Of course, there aren't enough hours in the day, and by the time I had sent emails and got the green light on a pitch, it was time for me to attend an event.
When I sat down today and tried to rekindle the fire that was burning yesterday afternoon, I realized that there were a few things that needed work before I could jump head first into The Next Great Thing. My resume definitely needed attention. As wonderful as I am, I finally accepted that there is no reason for someone only a few years out of college to have a resume that's more than a page long. I chopped and burned, and now have a clean and concise resume.
Updating the resume led to updating my LinkedIn Profile, which was feeling sorely neglected. I must admit I'm a little hesitant on LinkedIn, but when I logged in recently and saw that an editor at a newspaper I had applied to had viewed my profile, I realized that it really is a resource. I certainly don't want any professional opportunities passing me by. I spruced up the profile, and even found a picture that somehow managed to be both professional and presentable.
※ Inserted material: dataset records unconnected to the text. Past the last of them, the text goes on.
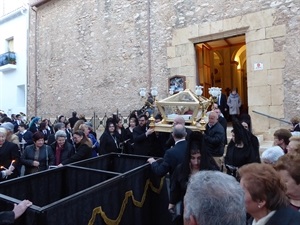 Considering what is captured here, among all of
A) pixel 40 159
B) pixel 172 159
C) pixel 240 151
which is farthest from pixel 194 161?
pixel 40 159

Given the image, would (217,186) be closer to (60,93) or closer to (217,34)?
(217,34)

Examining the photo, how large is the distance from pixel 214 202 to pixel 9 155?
4.16 metres

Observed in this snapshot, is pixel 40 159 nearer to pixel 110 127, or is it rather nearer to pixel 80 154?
pixel 80 154

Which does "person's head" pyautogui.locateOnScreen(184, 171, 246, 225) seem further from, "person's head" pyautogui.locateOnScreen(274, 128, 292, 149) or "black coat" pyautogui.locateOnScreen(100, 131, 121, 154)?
"black coat" pyautogui.locateOnScreen(100, 131, 121, 154)

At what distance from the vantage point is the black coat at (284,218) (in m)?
1.62

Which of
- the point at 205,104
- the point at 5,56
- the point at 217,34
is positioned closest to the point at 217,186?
the point at 205,104

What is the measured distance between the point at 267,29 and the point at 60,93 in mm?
9893

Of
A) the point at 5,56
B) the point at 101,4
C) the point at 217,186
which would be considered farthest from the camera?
the point at 5,56

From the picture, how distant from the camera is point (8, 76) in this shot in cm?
1803

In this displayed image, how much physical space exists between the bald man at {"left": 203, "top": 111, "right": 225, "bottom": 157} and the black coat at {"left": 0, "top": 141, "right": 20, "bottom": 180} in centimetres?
306

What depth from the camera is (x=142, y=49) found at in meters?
11.1

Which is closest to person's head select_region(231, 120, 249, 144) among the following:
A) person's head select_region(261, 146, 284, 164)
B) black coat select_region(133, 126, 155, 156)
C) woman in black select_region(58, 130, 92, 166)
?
person's head select_region(261, 146, 284, 164)

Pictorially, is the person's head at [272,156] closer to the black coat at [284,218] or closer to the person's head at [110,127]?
the black coat at [284,218]

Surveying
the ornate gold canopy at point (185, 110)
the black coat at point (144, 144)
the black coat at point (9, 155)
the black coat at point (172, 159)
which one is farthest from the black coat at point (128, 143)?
the black coat at point (172, 159) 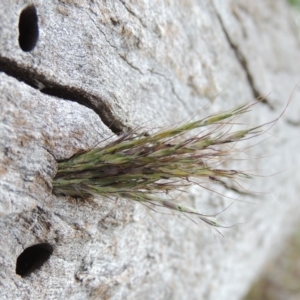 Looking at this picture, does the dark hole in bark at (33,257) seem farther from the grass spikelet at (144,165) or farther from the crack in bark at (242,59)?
the crack in bark at (242,59)

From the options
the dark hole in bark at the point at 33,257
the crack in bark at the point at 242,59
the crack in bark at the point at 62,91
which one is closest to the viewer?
the crack in bark at the point at 62,91

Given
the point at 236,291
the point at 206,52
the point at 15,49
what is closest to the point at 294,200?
the point at 236,291

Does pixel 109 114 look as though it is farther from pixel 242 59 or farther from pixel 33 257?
pixel 242 59

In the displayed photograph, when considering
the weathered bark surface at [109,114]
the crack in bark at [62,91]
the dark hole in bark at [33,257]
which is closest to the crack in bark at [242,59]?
the weathered bark surface at [109,114]

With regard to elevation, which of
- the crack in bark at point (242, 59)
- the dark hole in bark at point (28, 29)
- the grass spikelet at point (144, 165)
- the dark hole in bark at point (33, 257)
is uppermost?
the dark hole in bark at point (28, 29)

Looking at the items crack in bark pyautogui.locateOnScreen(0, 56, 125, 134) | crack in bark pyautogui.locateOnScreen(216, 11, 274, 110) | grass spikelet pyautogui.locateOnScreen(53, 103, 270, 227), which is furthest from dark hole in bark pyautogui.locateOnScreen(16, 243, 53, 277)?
crack in bark pyautogui.locateOnScreen(216, 11, 274, 110)

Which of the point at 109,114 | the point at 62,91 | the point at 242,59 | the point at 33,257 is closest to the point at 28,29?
the point at 62,91

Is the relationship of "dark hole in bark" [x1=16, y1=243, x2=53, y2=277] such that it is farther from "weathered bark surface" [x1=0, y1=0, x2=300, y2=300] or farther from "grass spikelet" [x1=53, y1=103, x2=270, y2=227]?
"grass spikelet" [x1=53, y1=103, x2=270, y2=227] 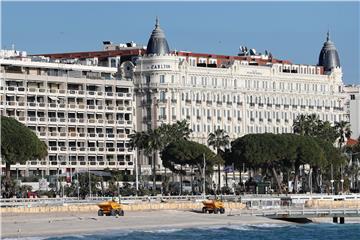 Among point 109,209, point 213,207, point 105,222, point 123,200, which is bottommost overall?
point 105,222

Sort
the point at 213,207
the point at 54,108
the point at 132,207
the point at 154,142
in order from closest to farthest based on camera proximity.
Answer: the point at 213,207, the point at 132,207, the point at 154,142, the point at 54,108

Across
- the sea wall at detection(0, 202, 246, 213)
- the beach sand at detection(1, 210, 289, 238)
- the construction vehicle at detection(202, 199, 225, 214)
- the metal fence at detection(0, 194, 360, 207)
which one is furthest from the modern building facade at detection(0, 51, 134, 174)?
the beach sand at detection(1, 210, 289, 238)

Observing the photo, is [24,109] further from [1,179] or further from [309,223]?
[309,223]

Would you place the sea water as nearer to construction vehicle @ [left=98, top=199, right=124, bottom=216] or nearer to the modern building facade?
construction vehicle @ [left=98, top=199, right=124, bottom=216]

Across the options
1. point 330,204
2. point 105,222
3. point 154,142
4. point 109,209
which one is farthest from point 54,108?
point 105,222

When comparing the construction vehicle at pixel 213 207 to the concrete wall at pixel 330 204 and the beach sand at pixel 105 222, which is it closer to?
the beach sand at pixel 105 222

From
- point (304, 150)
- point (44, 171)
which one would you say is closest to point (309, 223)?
point (304, 150)

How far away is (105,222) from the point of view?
108500 mm

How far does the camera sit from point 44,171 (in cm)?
19125

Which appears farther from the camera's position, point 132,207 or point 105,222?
point 132,207

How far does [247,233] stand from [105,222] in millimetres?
11404

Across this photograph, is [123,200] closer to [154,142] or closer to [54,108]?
[154,142]

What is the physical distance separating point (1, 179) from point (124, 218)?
52.3 m

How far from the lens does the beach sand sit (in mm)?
99562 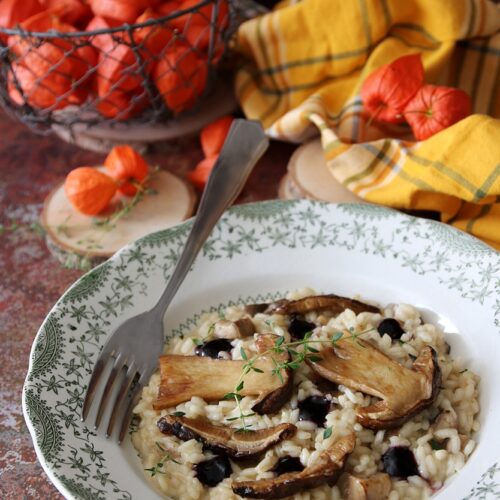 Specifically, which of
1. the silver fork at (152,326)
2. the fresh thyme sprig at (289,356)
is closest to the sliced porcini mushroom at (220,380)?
the fresh thyme sprig at (289,356)

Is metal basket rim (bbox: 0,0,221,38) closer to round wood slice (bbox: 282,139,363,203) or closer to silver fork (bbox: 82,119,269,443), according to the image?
silver fork (bbox: 82,119,269,443)

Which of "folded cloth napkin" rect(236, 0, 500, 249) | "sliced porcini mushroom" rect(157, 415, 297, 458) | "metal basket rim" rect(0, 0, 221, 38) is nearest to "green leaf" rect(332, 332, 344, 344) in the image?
"sliced porcini mushroom" rect(157, 415, 297, 458)

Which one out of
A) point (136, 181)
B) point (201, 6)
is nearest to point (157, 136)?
point (136, 181)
All of my work today and yesterday has led to a lot of thinking on my part. I know what I want - to freelance from home, and be able to support myself, and tell the great stories that are everywhere. I have had a little trouble blending my want to express myself, with my desire to have a professional website. I realized that I miss having my travel blog. In Australia, everything was new and interesting, but here, does anyone really care what a 24-year-old wife trying to get the adult life going has to say?
At its base, a blog is a way to get your voice heard, and the voice of Burch Creative isn't just the voice of a professional, but also the voice of someone trying new things, and figuring out how to achieve her goals. I really believe that my personal decision to step outside of the status quo and pursue self-employment from the start says a lot about the qualities that define me professionally - drive, responsibility, and just a little bit of risk.
So, from now on, I won't struggle to keep Kelly out of Burch Creative, because Kelly is Burch Creative. This space will continue to update you on the projects I am working on, but will also include general updates on how things are going. What worked, what didn't, and what I might try next.
And, of course, feedback from the older and wise and the fellow starters-out is always appreciated!